There is a Media Cleanup Menu within the Media Management Menu, within the System menu, which will show the sizes of any files remaining in various projects’ trash folders, to help in deciding what files, if any, to permanently delete.
The HD-P2 can get power from 8 AA batteries, or from the provided power cord, or, uniquely, the firewire connection, which is handy if one needs to move files and batteries are dead. Alkaline AA batteries give 5-6 hours of operation with phantom power off, only a bit less with it on. Rechargeable batteries tend to give more like 3 hours of continuous record time, but are recommended, because those 8 batteries start to add up. The power cord does not recharge the batteries in the recorder, they must be charged in their own charger. Conveniently, when power reaches a low level, the unit saves and closes files and then shuts down.
Transferring audio from the recorder to a computer is done via a firewire connection, which is significantly faster than USB1, used by some recorders. In order to connect the recorder to the computer, the HD-P2 must be set to Firewire Dock Mode, accessible through the main menu. All Macintosh computers are equipped with firewire interfaces, but not all Windows computers are. If you’re using a computer without a firewire interface, simply remove the CF card from the recorder and use an external card reader, available for low-cost from computer-supply stores. In our tests, the firewire connection transferred a 1 gigabyte file in approximately 6 minutes. An external USB2 card reader moved that same data a little bit faster, but not significantly. (Transfer speed will be affected by the type of card used, and by the type of connection.)
The Tascam HD-P2 is placed solidly between the low-cost, small flash recorders, and the expensive pro recorders from companies such as Sound Devices, Nagra and Deva. Its sound quality, durability and ergonomics are not quite as impressive as the Sound Devices 700 series, but it costs about half as much as their least-expensive unit. The sound quality is quite good, but for those wanting to hot-rod the recorder a bit, modified units are available from Oade Brothers, with various upgrades to the input electronics.

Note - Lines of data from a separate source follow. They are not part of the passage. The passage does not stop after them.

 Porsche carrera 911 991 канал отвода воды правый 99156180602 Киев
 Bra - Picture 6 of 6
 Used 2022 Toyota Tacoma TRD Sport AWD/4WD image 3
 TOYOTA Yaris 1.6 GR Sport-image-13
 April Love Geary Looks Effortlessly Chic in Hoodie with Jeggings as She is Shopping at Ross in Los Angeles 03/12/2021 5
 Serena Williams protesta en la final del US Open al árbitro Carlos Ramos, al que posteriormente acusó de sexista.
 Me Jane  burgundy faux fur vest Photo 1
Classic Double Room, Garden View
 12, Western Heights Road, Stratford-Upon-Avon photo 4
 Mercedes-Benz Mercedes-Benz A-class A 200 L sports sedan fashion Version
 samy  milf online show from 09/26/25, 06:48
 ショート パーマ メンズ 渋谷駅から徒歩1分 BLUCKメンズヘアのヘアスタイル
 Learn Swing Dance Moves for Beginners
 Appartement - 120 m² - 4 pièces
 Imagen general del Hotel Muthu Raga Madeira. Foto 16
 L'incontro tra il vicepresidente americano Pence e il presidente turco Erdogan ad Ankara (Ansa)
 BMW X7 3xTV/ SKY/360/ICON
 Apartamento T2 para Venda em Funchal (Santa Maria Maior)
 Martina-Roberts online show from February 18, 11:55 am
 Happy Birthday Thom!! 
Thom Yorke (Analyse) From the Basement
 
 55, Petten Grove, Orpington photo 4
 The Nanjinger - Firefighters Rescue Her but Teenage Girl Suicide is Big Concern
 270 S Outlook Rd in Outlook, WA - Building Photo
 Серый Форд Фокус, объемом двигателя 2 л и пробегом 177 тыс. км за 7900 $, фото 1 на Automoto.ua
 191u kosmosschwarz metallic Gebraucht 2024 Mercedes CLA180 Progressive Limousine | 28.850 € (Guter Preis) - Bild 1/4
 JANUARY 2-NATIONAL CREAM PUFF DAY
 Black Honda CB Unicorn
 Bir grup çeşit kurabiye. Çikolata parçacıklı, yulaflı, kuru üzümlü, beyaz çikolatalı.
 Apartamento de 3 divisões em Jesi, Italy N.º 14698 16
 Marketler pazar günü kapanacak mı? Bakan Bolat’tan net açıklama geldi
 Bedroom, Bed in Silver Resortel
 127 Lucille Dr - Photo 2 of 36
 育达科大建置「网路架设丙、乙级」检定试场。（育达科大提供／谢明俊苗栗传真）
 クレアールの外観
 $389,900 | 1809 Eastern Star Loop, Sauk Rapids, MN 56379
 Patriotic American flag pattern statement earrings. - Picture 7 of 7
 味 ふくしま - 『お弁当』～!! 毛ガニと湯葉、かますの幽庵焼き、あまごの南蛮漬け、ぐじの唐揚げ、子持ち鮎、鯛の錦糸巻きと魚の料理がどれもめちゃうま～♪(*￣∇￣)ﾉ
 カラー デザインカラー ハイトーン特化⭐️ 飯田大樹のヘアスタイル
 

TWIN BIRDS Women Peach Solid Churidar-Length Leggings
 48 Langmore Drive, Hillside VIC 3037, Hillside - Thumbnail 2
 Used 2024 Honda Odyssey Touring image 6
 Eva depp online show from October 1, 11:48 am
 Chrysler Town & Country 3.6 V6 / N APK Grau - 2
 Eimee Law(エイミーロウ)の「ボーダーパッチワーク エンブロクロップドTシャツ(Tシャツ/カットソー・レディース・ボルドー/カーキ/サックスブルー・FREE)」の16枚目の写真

The case is plastic, so might not do too well in a serious drop, but there is an optional case available for about $50 that does a good job of protecting it from scuffs, and minor bumps, and keeps the various input and output jacks covered. A padded bag might be a good choice, but keep in mind that some important controls are on the top panel, and must remain accessible.
The size and price of this unit might make it unattractive to beginning recordists, but the sound quality is noticibly better than any of the small pocket-sized machines. Those needing clean mic preamps, high-resolution soundfiles, or timecode, should give the HD-P2 a look. The Sound Devices 700-series offer slightly better sound quality, metering and durability of build, but cost significantly more. The Tascam is only slightly larger than the Marantz 670 and 671, and a few hundred dollars more, but sounds significantly better than either of those recorders. The HD-P2 is a solid performer that gives great audio results, if the size doesn’t get in the way.